Dans le but de stimuler l’économie, le quantitative easing (QE) est une politique monétaire dite non-conventionnelle d’injections de liquidités via un programme de rachat de dettes par les banques centrales. C’est la version moderne de la vieille planche à billets, sauf qu’avec le QE, l’argent tombe directement dans les poches des banques. Initiée par la FED, elle a été suivie et même dépassée par la BCE, avec la distribution de 4,621 milliards d’euros, soit environ 41,4 % du PIB de la zone euro. La FED, avec d’infinies précautions, commence à dégonfler son bilan et se fait tancer par Trump, qui craint un ralentissement économique. Les marchés financiers sont devenus dépendants de l’argent facile et personne ne sait comment le sevrage va être supporté.

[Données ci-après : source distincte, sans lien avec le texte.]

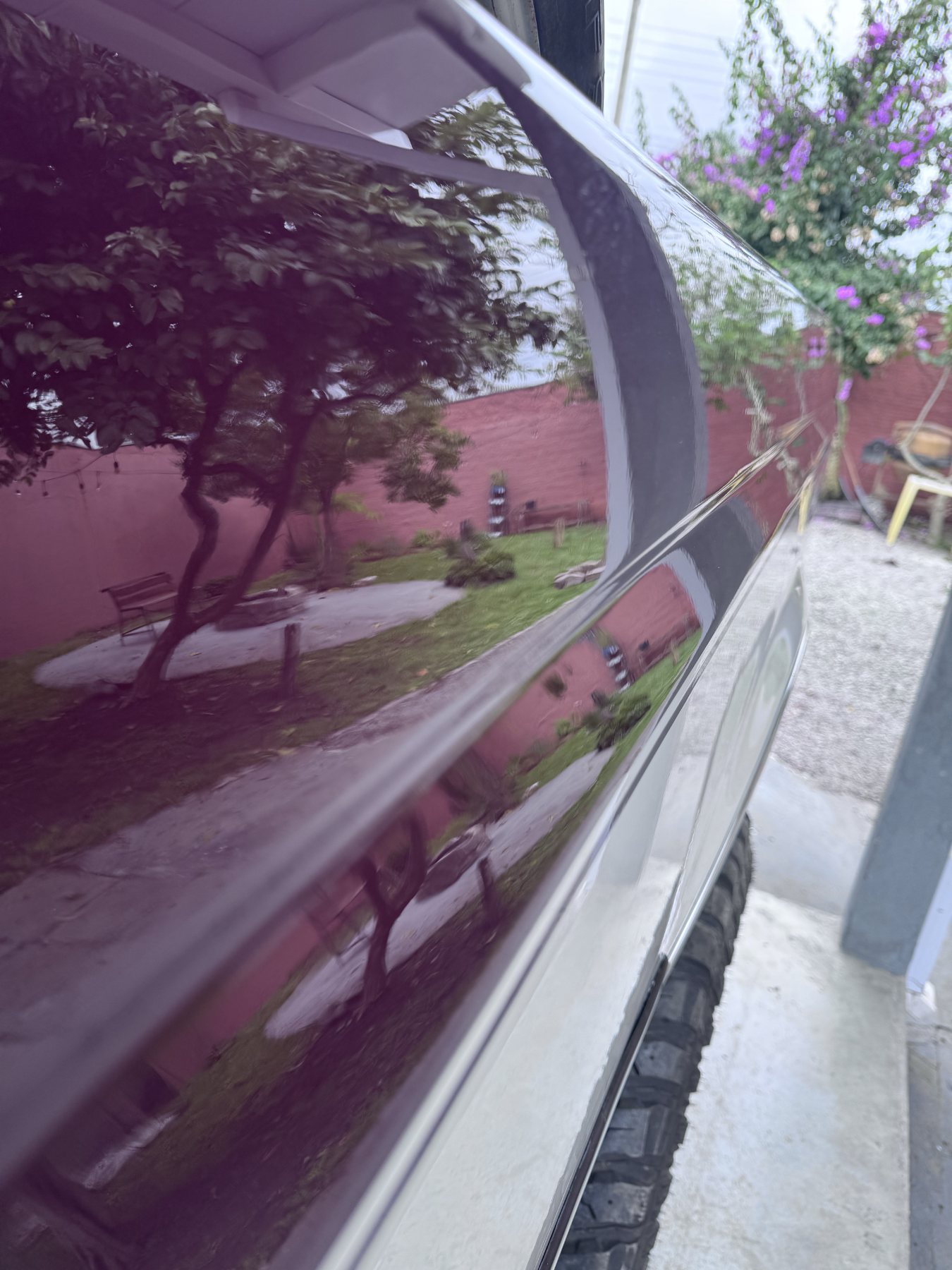 Reflexo na pintura vinho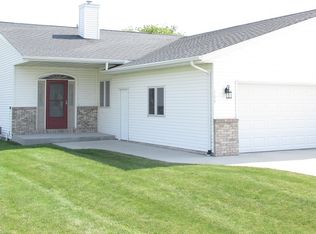 109 Parkview Ct, Cedar Grove, WI 53013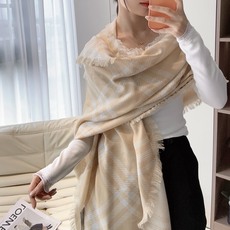 𝐁𝐔𝐑𝐁𝐄𝐑𝐑𝐘 • 𝟐𝟓ꫛꫀꪝ《骑士格纹长巾》 张婧仪同款,原单品质! Size:200x65cm 70% 羊毛 30 𝐁𝐔𝐑𝐁𝐄𝐑𝐑𝐘 • 𝟐𝟓ꫛꫀꪝ《骑士格纹长巾》 张婧仪同款,原单品质! Size:200x65cm 70% 羊毛 30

La dette : une arme de destruction massive

Le coût de la crise se manifeste essentiellement par la croissance exponentielle des dettes, comme si cet endettement massif était une condition indispensable d’une croissance, pourtant atone. Tous les manuels d’économie classique vilipendent la création monétaire « ex nihilo » et le recours massif à la dette, avec l’exemple cauchemardesque des années 1930. Pourtant, les dettes globales sont plus élevées qu’en 2008 et ne sont pas moins risquées. La Deutsche Bank inquiète toujours. L’ensemble des formes de dettes aux États-Unis représentent 352 % du PIB et dépassent 20 000 milliards de dollars. Selon le FMI, le montant de la dette mondiale vient d’atteindre le pic de 164 000 milliards, soit 225 % du PIB. Le FMI sonne le tocsin, effrayé par sa progression géométrique ininterrompue depuis dix ans, ce qui s’apparente pour les États à une fuite en avant. 

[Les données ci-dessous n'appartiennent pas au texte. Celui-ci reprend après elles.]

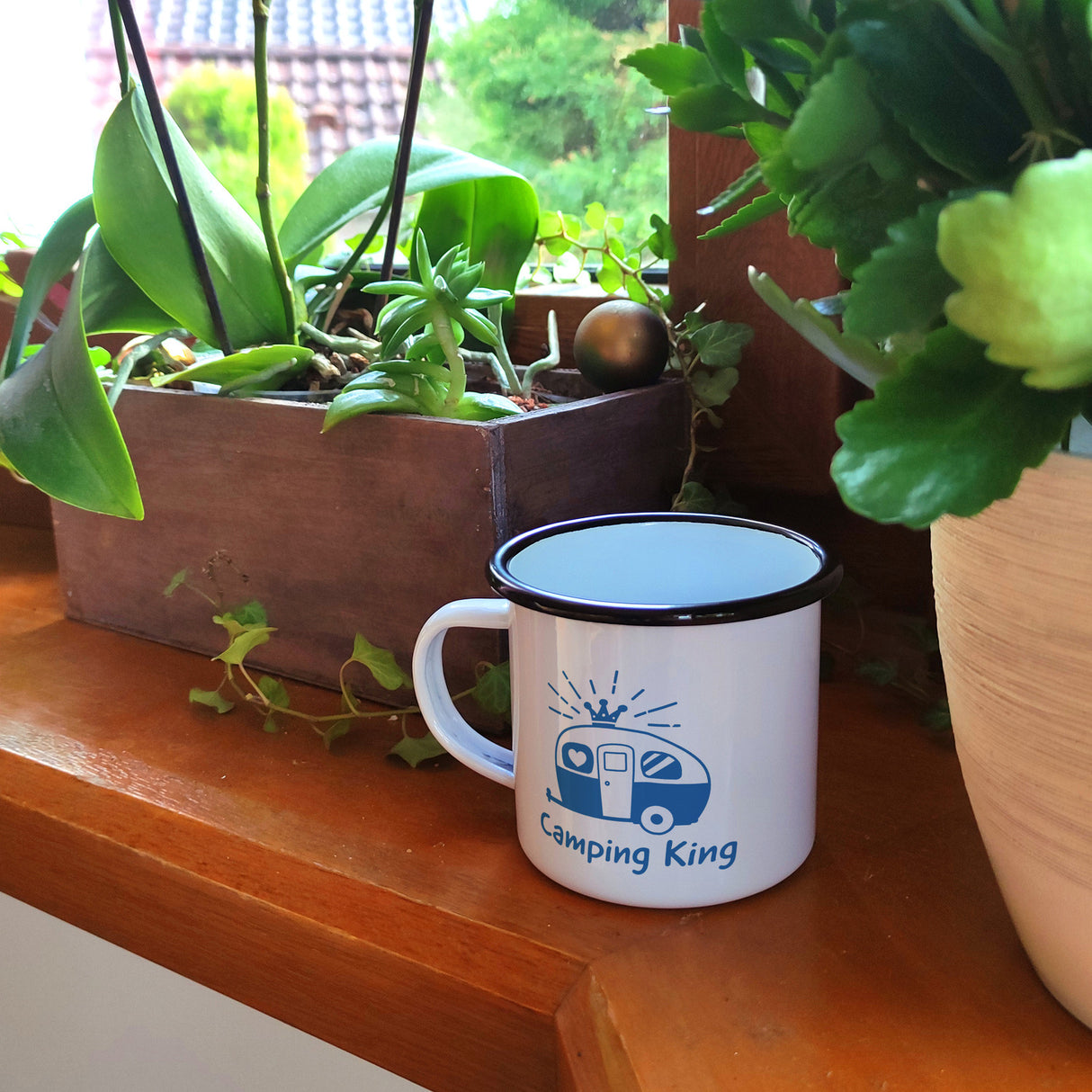 Hellblauer Wohnwagen Camping King Emaille Tasse für Camper
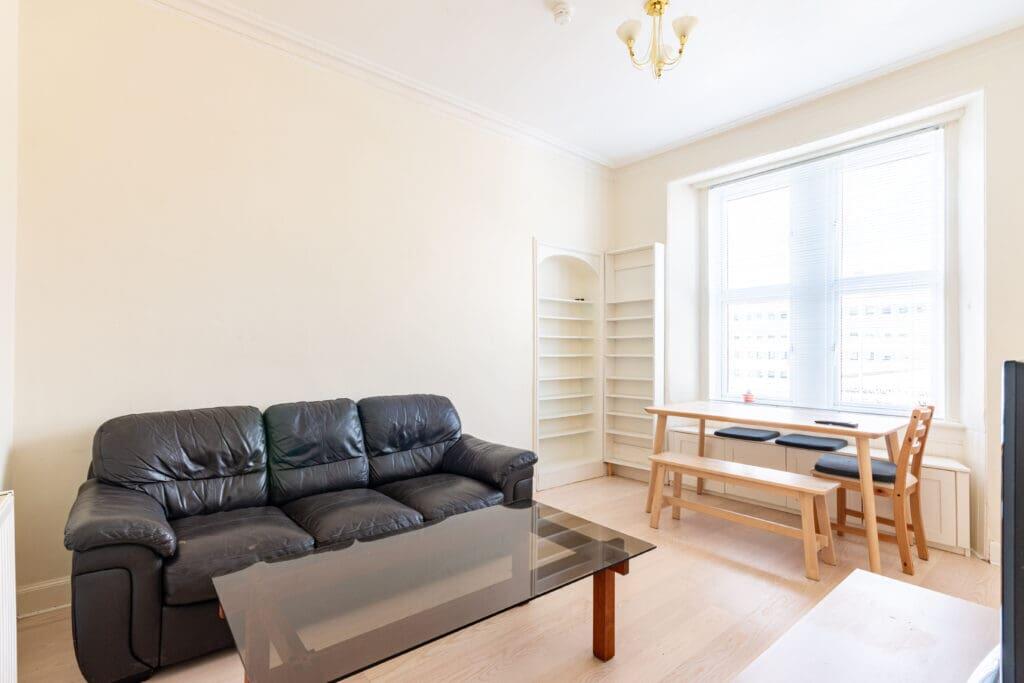 2 bed 1st Floor Flat for rent in Edinburgh. From SouthSide Property Management - Edinburgh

La financiarisation : une bombe à retardement

À l’échelle mondiale, entre 20 000 et 30 000 milliards de dollars sont placés dans les paradis fiscaux. En Europe, c’est environ 1 000 milliards d’euros qui s’évadent chaque année et manquent pour financer investissements, infrastructures et la protection de l’environnement. Ces distorsions financières massives ont été un des éléments déclencheurs de la crise financière de 2008. En dépit des promesses solennelles des États, rien n’a changé. Le « shadow banking », ces zones obscures des banques, sont toujours présentes, 10 ans après Lehman. Les banques poursuivent leur « business as usual ». Les pouvoirs économico-politiques ont migré des institutions représentatives vers des organes technocratiques indépendants, les banques centrales, et surtout vers un maquis de structures transnationales. Cette abdication est sévèrement sanctionnée électoralement partout et les régimes qui s’installent provoquent encore plus d’instabilité. La dette de l’Italie, 3e économie de la zone euro, est à deux doigts d’entrer dans la catégorie des « junk bonds » (obligations pourries).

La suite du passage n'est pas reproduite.